Following Ed George (Wharton) and Feng Liang (University of Illinois at Urbana-Champaign) talks today in Dauphine, Natalia Bochkina (University of Edinburgh) will give a talk on Thursday, June 20, at 2pm in Room 18 at ENSAE (Malakoff) [not Dauphine!]. Here is her abstract:
2 am: Simultaneous local and global adaptivity of Bayesian wavelet estimators in nonparametric regression by Natalia Bochkina
We consider wavelet estimators in the context of nonparametric regression, with the aim of finding estimators that simultaneously achieve the local and global adaptive minimax rate of convergence. It is known that one estimator – James-Stein block thresholding estimator of T.Cai (2008) – achieves simultaneously both optimal rates of convergence but over a limited set of Besov spaces; in particular, over the sets of spatially inhomogeneous functions (with 1≤ p<2) the upper bound on the global rate of this estimator is slower than the optimal minimax rate.

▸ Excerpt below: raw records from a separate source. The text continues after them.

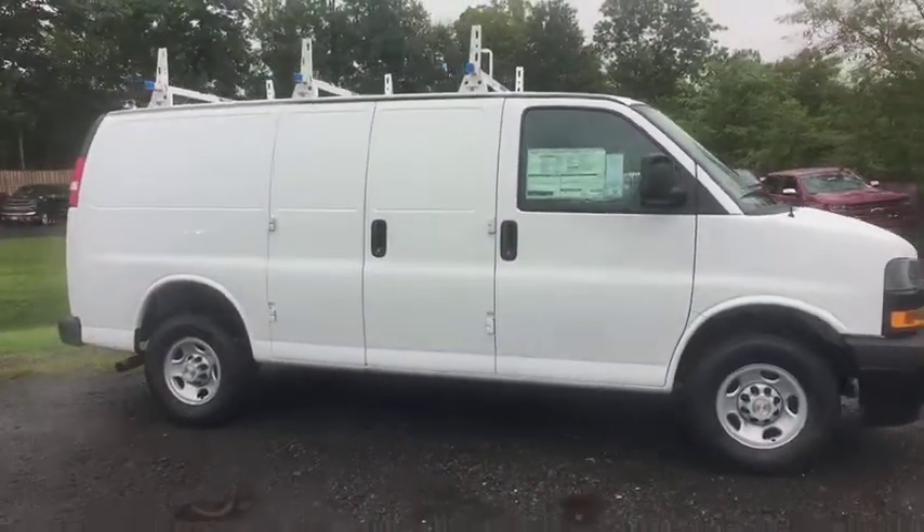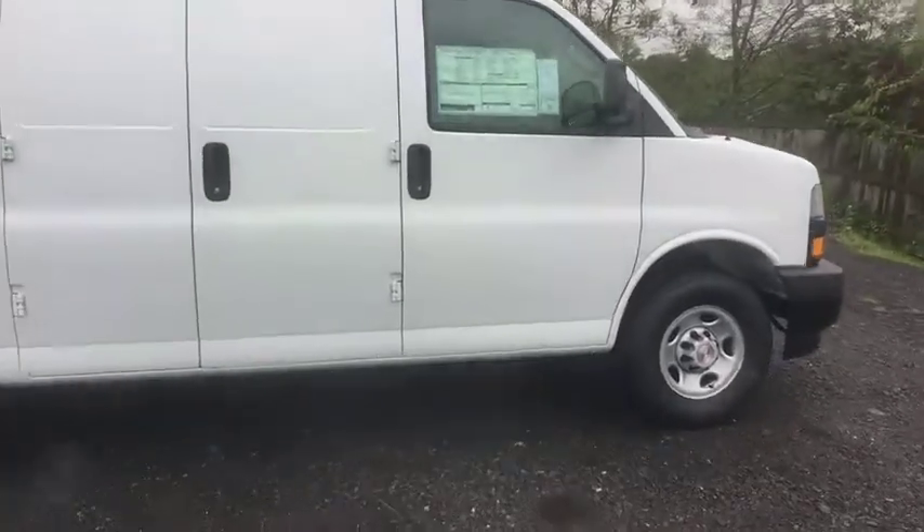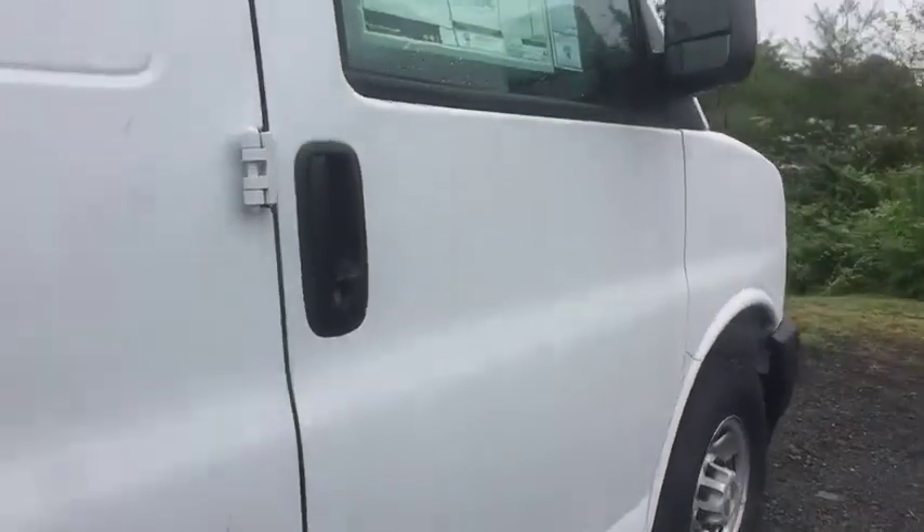Daytime running lamps, rear wheel drive, tire pressure monitoring system. Drive away with a great deal on this vehicle. Call or stop in today.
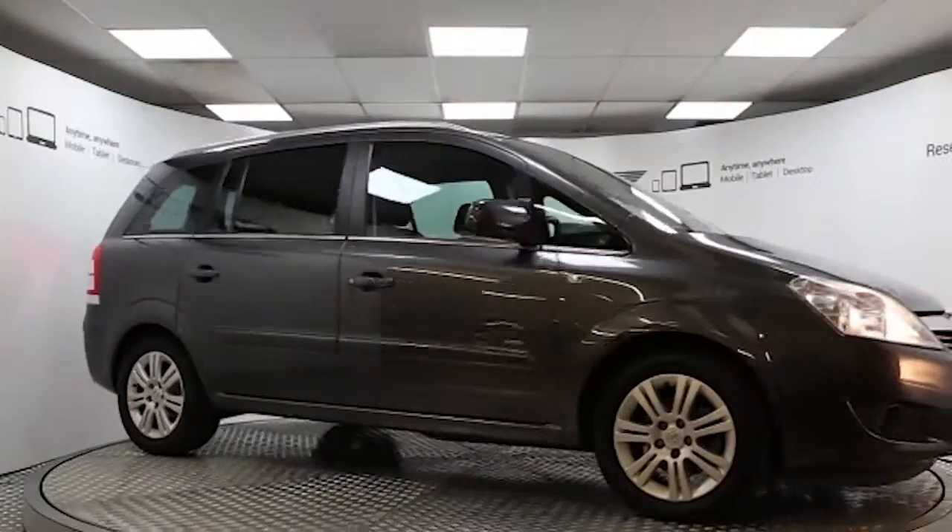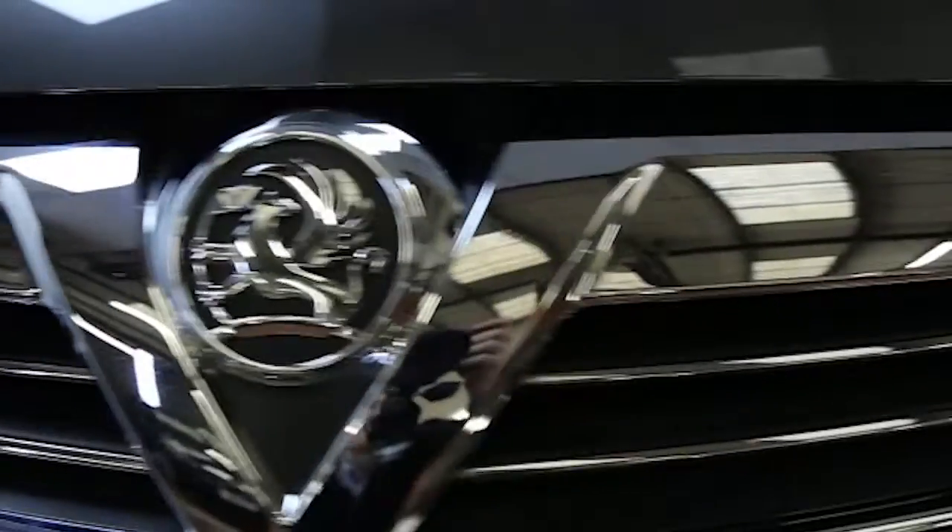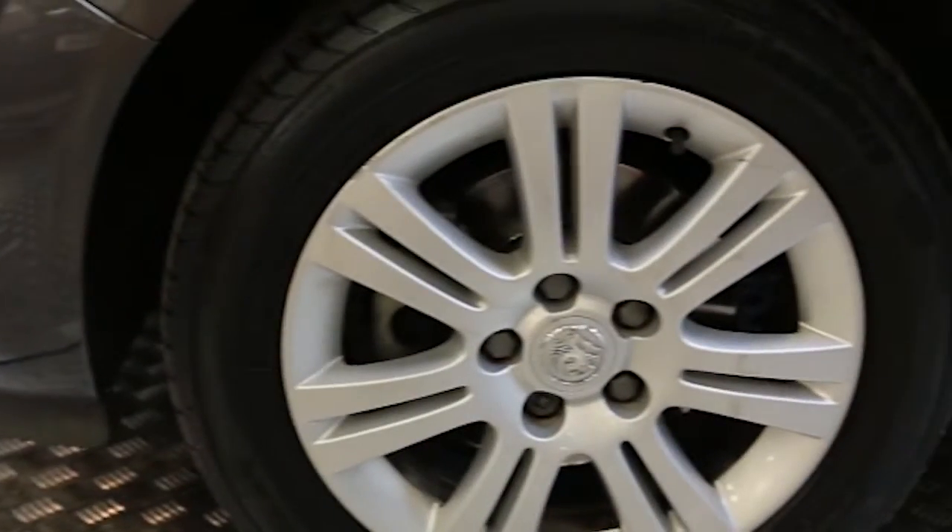Here we have a 2010 registered 5-door Vauxhall Zafira Design with a 1.6-litre manual transmission petrol engine. The car is finished in technical grey and has done just under 33,000 miles.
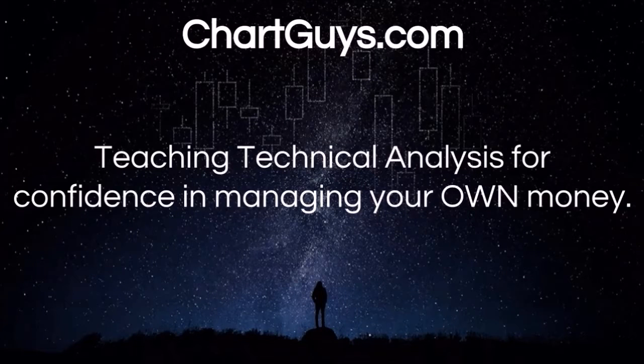Hello, this is Charting Man Dan of The Chart Guys, where we teach the little guy and girl how to utilize charts to manage their own trades and investments.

Another possible candidate to achieve both rates of convergence simultaneously is the Empirical Bayes estimator of Johnstone and Silverman (2005) which is an adaptive estimator that achieves the global minimax rate over a wide rage of Besov spaces and Besov balls. The maximum marginal likelihood approach is used to estimate the hyperparameters, and it can be interpreted as a Bayesian estimator with a uniform prior. We show that it also achieves the adaptive local minimax rate over all Besov spaces, and hence it does indeed achieve both local and global rates of convergence simultaneously over Besov spaces. We also give an example of how it works in practice.